Es gibt ja auch nicht wenige Menschen – Menschen jeden Alters, Menschen unterschiedlicher Herkünfte und Prägungen –, die durchaus ernsthaft nach dem suchen, was ihrem Leben Sinn und Richtung geben könnte. Und deshalb die kritische Frage an uns selbst, als Christen: Finden diese ernsthaft Suchenden überzeugende Antworten, finden sie die richtigen Ansprechpartner, finden sie genügend geistliche Kompetenz, finden sie die gesuchte empathische Begleitung in unseren Gruppen, Gemeinden und Initiativen? Und ich bin mir sehr bewusst: Nicht auf alle Fragen werden wir rasche Antworten finden.

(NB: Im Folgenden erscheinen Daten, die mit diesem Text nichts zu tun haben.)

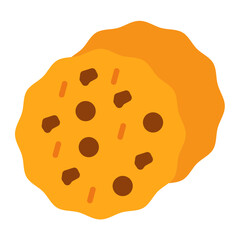 Sticker - Chocolate Chip Icon Style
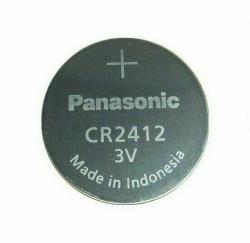 Батерия Бутонна батерия литиева CR2412  PANASONIC
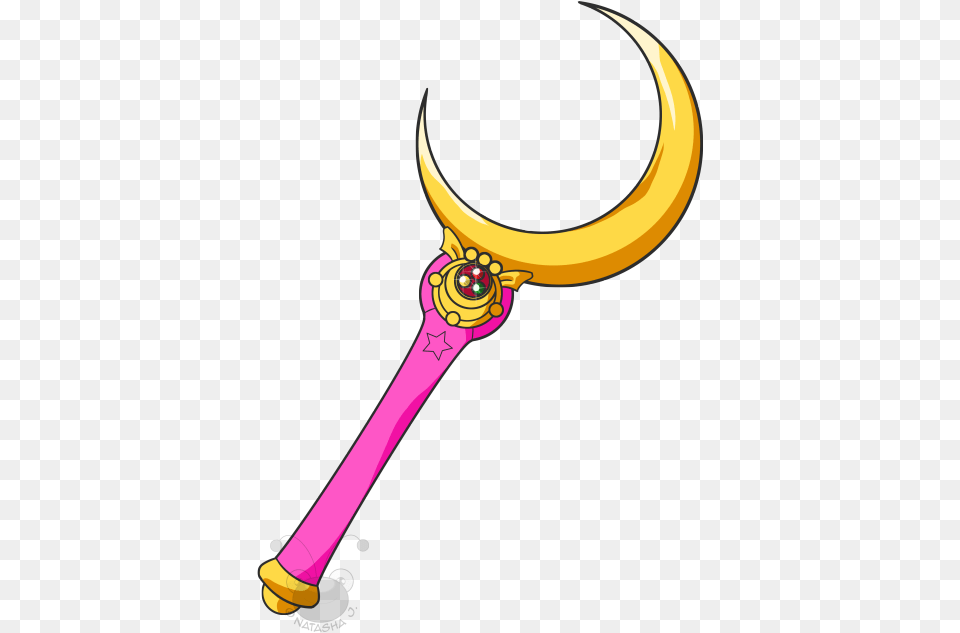 Anime Sailor Moon Wand, Magnifying, Blade, Dagger, Knife Png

Aber sicher bin ich mir in einem: Nächstenliebe, Caritas und Diakonie sind und bleiben wichtige Dienste der Kirche an Menschen mit ihren ganz unterschiedlichen Bedürfnissen und Nöten. Und sie bleiben starke Zeugnisse der Glaubwürdigkeit. Aber Diakonie und Caritas werden getragen von Glauben und Vertrauen. Beides braucht Kraftquellen und beides braucht innere Stärkung. Dazu gehören Gottesdienst, gemeinsames Beten und Singen, und das Hören auf die Bibel. Dazu wird auch sicher hier auf dem Katholikentag wieder viel Gelegenheit sein.
Ich weiß und ich bin mir sicher, dass immer noch sehr viel Gutes von den Christen unseres Landes ausgeht und dass im Hinblick auf die Zukunft schon mutige, manchmal streitbare, aber doch hoffnungsvolle Schritte getan werden. Dafür bin ich dankbar und das macht auch mir selber Hoffnung.
Ich wünsche Ihnen und uns allen einen Katholikentag der Ermutigung!